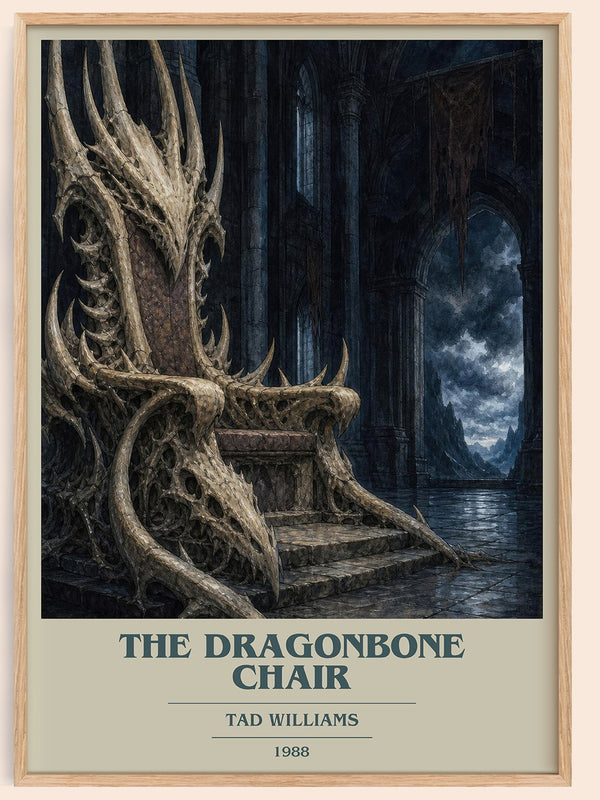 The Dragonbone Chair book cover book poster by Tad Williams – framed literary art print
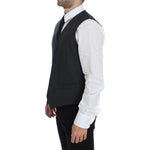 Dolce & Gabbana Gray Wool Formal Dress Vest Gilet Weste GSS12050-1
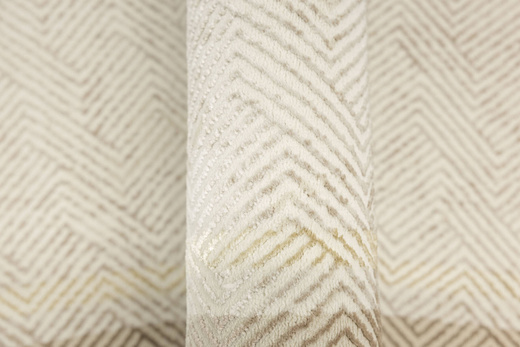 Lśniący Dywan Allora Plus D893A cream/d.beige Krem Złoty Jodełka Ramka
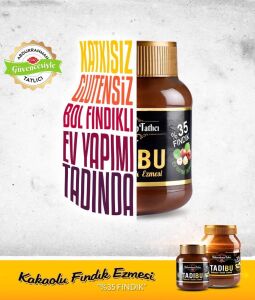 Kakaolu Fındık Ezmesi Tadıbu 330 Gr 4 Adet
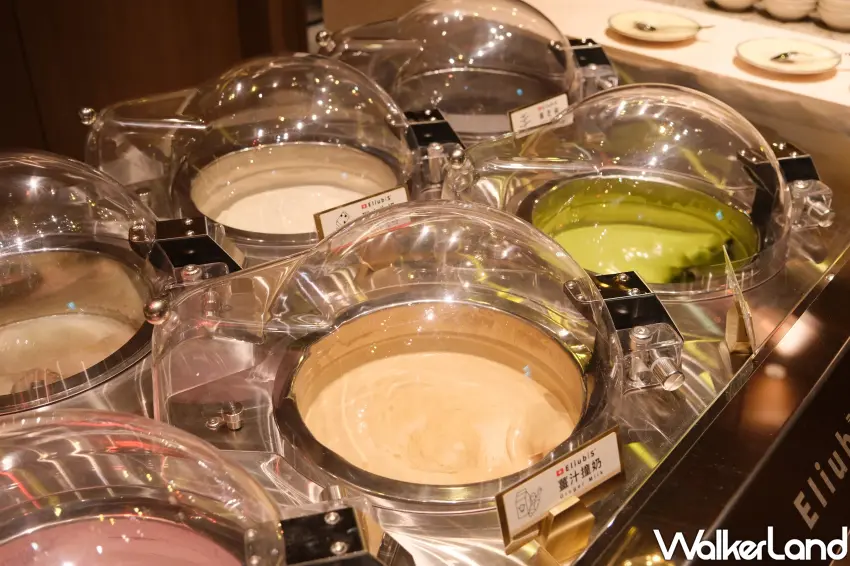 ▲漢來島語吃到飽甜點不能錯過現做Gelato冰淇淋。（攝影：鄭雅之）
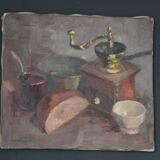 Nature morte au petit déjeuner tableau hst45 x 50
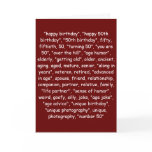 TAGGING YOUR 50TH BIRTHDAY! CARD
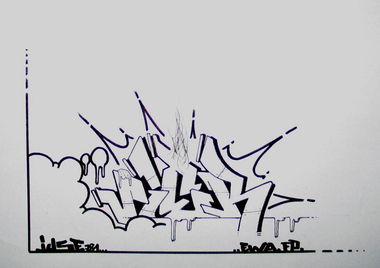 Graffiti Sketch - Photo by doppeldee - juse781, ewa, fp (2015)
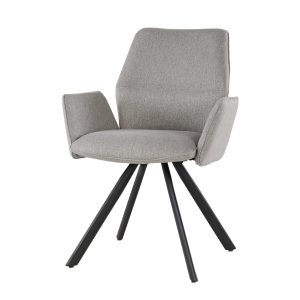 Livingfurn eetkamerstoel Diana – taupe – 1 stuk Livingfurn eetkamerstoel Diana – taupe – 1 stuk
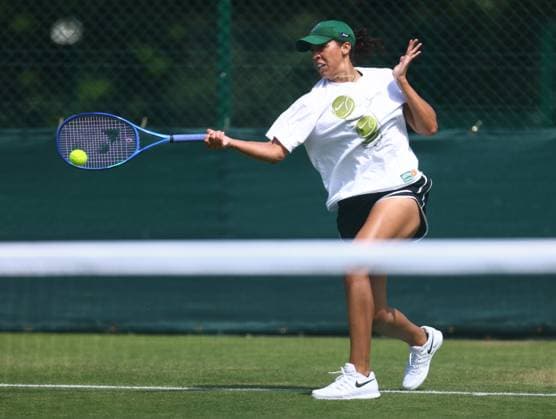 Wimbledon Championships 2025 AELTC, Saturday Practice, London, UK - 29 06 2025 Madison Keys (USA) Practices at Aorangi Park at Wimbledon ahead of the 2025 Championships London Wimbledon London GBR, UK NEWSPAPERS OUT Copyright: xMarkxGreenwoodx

■ ■ ■ ■ ■

* _TASK_
Would you retype all the lines shown above, exactly as written and without any picture?

* _YOUR RESPONSE_
 The Dragonbone Chair book cover book poster by Tad Williams – framed literary art print
 Dolce & Gabbana Gray Wool Formal Dress Vest Gilet Weste GSS12050-1
 Lśniący Dywan Allora Plus D893A cream/d.beige Krem Złoty Jodełka Ramka
 Kakaolu Fındık Ezmesi Tadıbu 330 Gr 4 Adet
 ▲漢來島語吃到飽甜點不能錯過現做Gelato冰淇淋。（攝影：鄭雅之）
 Nature morte au petit déjeuner tableau hst45 x 50
 TAGGING YOUR 50TH BIRTHDAY! CARD
 Graffiti Sketch - Photo by doppeldee - juse781, ewa, fp (2015)
 Livingfurn eetkamerstoel Diana – taupe – 1 stuk Livingfurn eetkamerstoel Diana – taupe – 1 stuk
 Wimbledon Championships 2025 AELTC, Saturday Practice, London, UK - 29 06 2025 Madison Keys (USA) Practices at Aorangi Park at Wimbledon ahead of the 2025 Championships London Wimbledon London GBR, UK NEWSPAPERS OUT Copyright: xMarkxGreenwoodx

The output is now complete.